Official Country Name:Republic of Uganda
Region:East and Southern Africa
Religious Demographics:Christian ±84%, Evangelical ±37%, Muslim ±9%, Ethnoreligious ±5%
Number of Evangelicals
A History of Violence now Speaks to the Peace of the Gospel
Uganda, a small landlocked country in central Africa, has a unique religious history when compared to its neighboring African countries. Uganda did not hear the gospel until almost a century after English missionaries arrived in Africa. The late 1870s saw a wave of Christianity that soon began to rival the already spreading dominant religion of Islam. Not soon after, the country swa great religious strife between Muslims and various Christian denominations that ultimately resulted in multiple years of war. Source: Uganda religious freedom Though wars are long over, the country still experiences tensions between Christianity and Islam, which can be seen through social hostilities and undertones.
Today, Uganda is united to its neighbors, Kenya and Tanzania by their shared language of Swahili and rich cultural similarities. The nation is 84% Christian, most of that percentage being Catholics, as protestant evangelicals only make up 37% of the population.
The Ugandan constitution states that the nation is religiously free, and citizens are welcome to worship as they see fit. Though many religious groups are able to coexist in harmony, the nation is ranked moderately for safety and security and sees social hostilities between Christians and Muslims.
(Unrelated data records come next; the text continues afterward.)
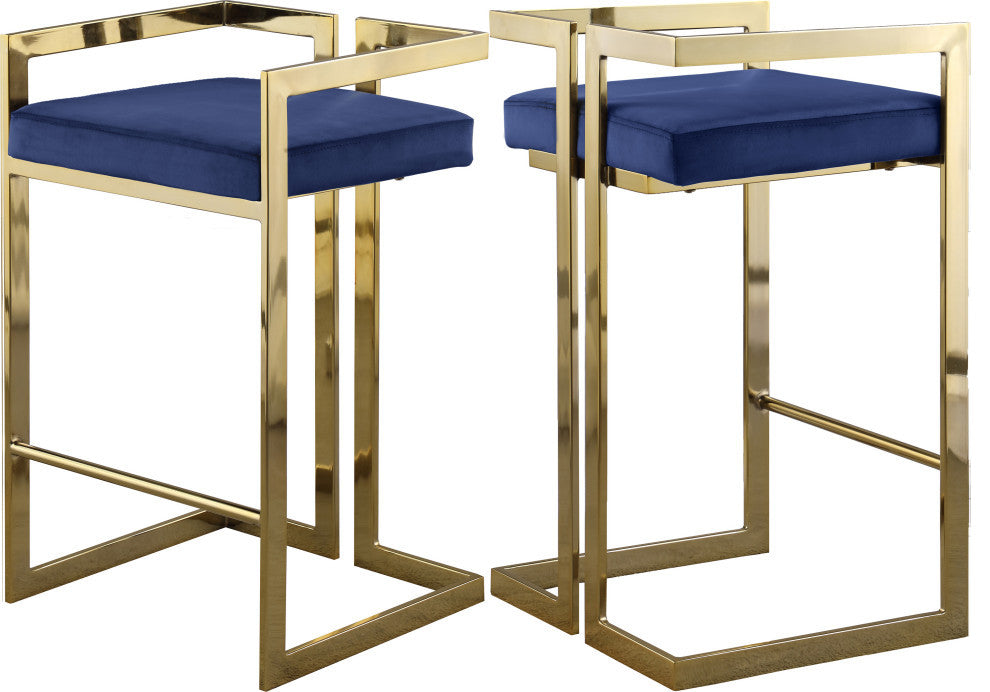 Ezra Counter Stool, Set of 2, Navy Velvet, Gold Base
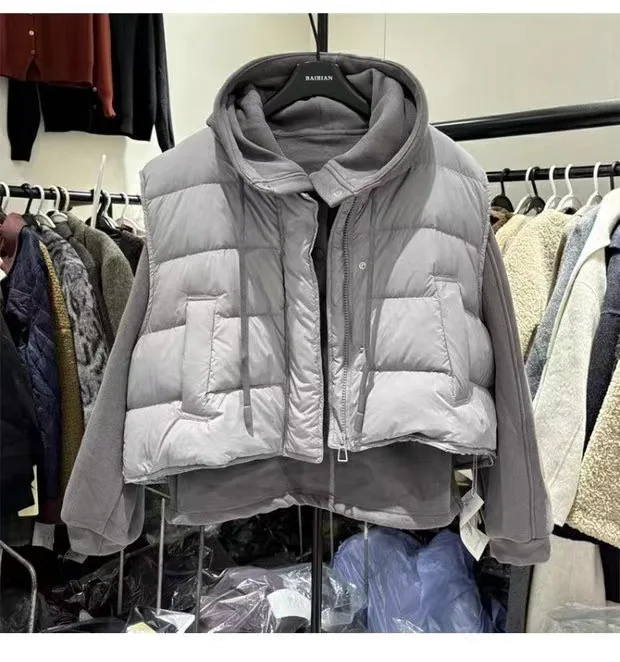 Down Cotton Vests Hoodie 2 Piece Sets Women Hooded Sweatshirt Waistcoat Suit Autumn Winter Ensemble Puffer Parkas Warm Outfits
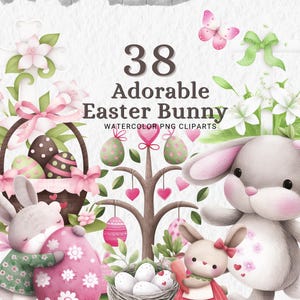 Adorable Easter BunnyClipart Set - 38 Whimsical PNG Images for Springtime Crafts, Cute Bunny Easter minimal
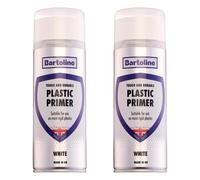 2X Bartoline Plastic Primer Quick Dry Plastic Paint Adhesion White Topcoat 400Ml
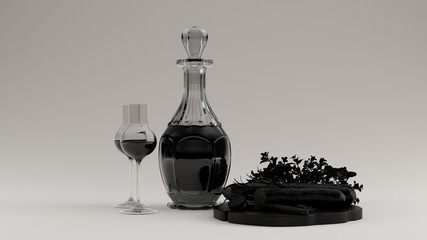 Black Alcoholic Drink in a Glass Decanter Bottle with a Glass Stop Wine glass Chopping Board Sausage and Herbs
The nation ranks low in Legatum Prosperity Index, with a score of 133 out of 167. However, though the nation's prosperity is low, their scores have stayed very stable over the past decade. Their extreme poverty and lack of resources mean that the church must rely on the Providence of God to protect and provide for their needs, especially in situations of social hostilities and safety threats. When considering all of these things, we Praise God for the work He has done and will do in Uganda. We rank their mobilization potential as moderate.